Would you transcribe the lines running from the one that holds "Seiko SSK009J1 Kol Saati" to the last line of the records? Leave every picture out.

═════ DATA IN THIS EXERCISE ═════

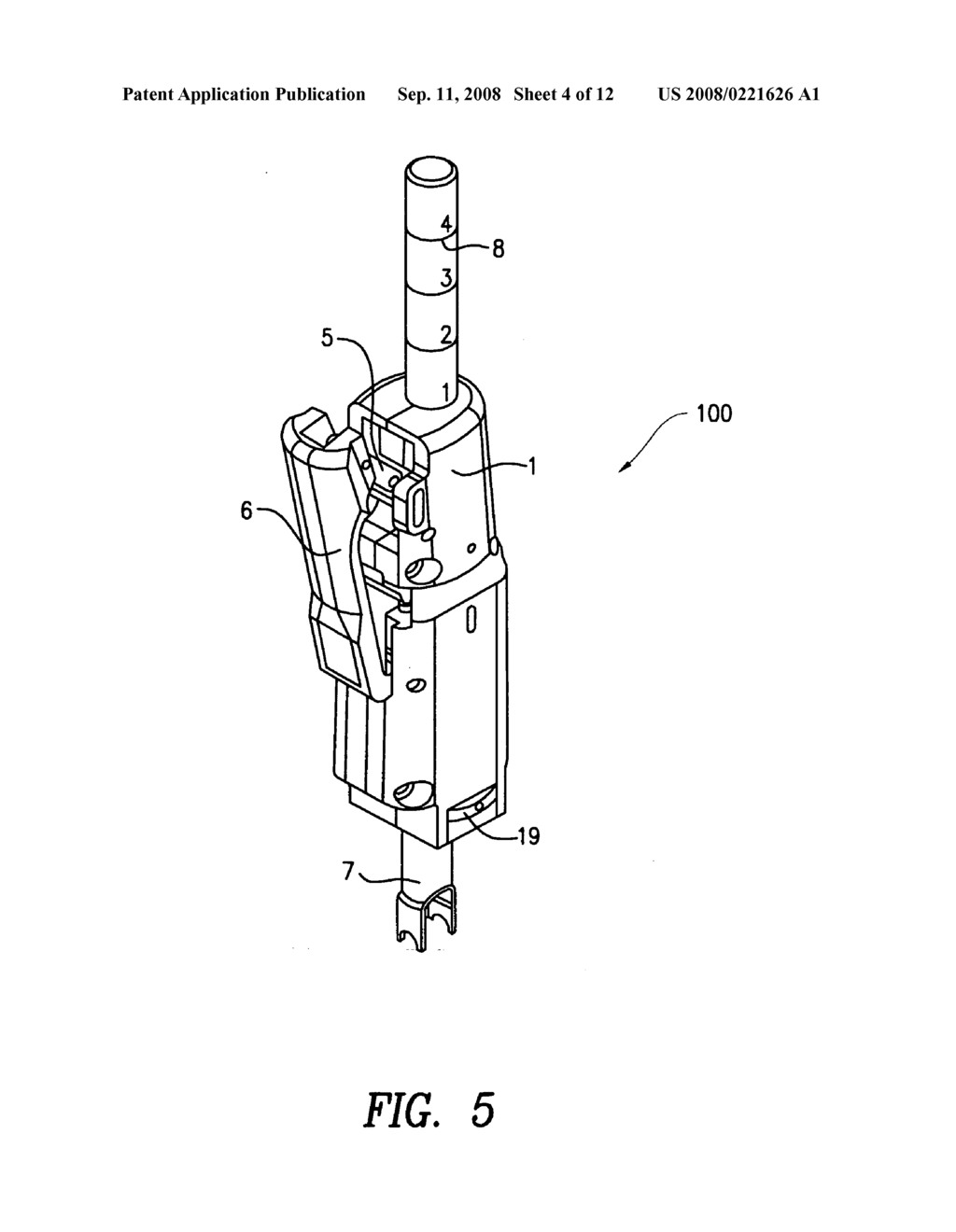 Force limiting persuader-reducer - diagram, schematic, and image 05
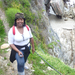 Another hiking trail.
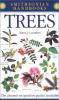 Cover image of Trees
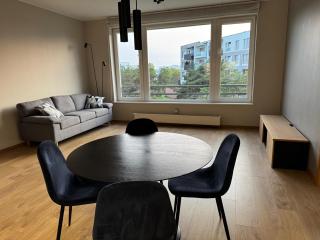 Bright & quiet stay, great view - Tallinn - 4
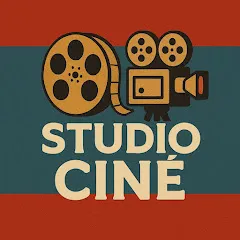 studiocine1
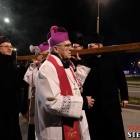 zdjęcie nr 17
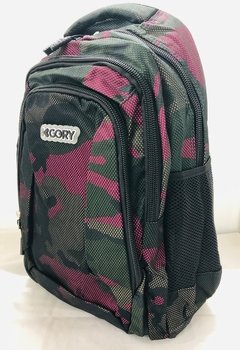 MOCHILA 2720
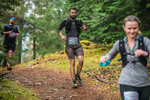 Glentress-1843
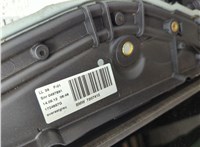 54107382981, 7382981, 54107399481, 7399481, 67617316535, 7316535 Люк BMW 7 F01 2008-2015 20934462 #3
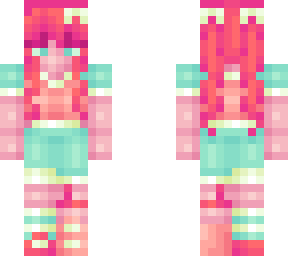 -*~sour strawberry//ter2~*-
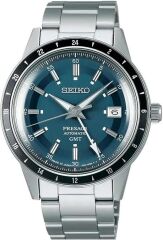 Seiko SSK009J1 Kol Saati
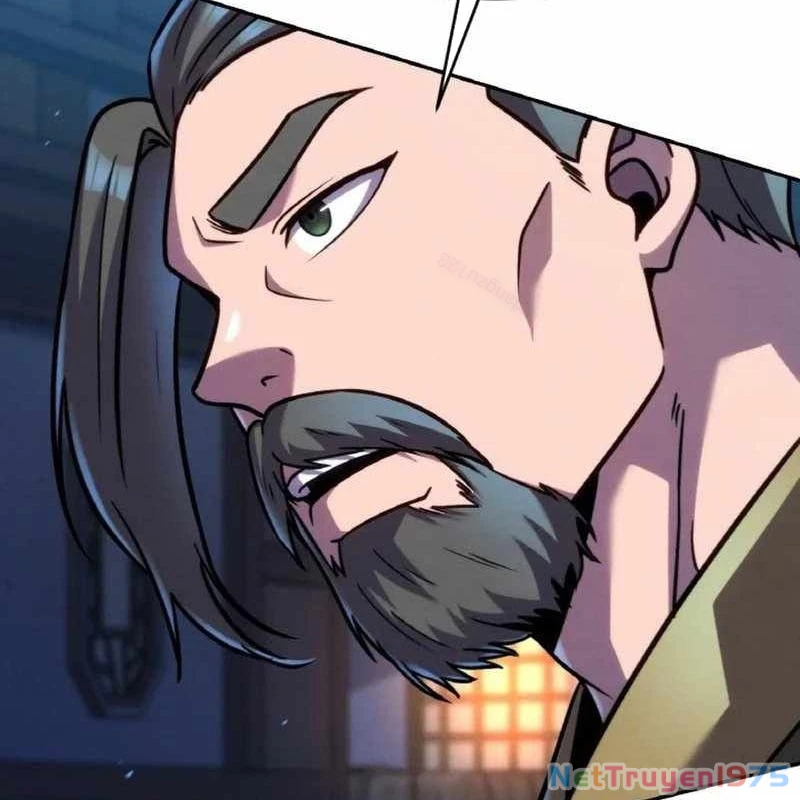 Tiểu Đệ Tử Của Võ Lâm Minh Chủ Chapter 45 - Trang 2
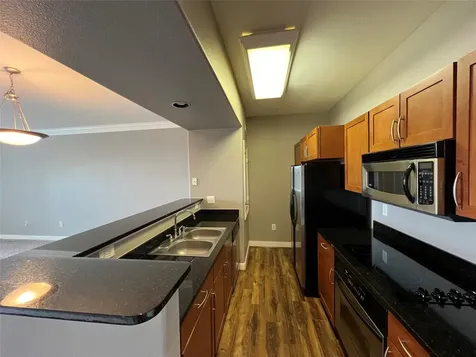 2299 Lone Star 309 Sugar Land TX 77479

═════

ANSWER BOX:
 Seiko SSK009J1 Kol Saati
 Tiểu Đệ Tử Của Võ Lâm Minh Chủ Chapter 45 - Trang 2
 2299 Lone Star 309 Sugar Land TX 77479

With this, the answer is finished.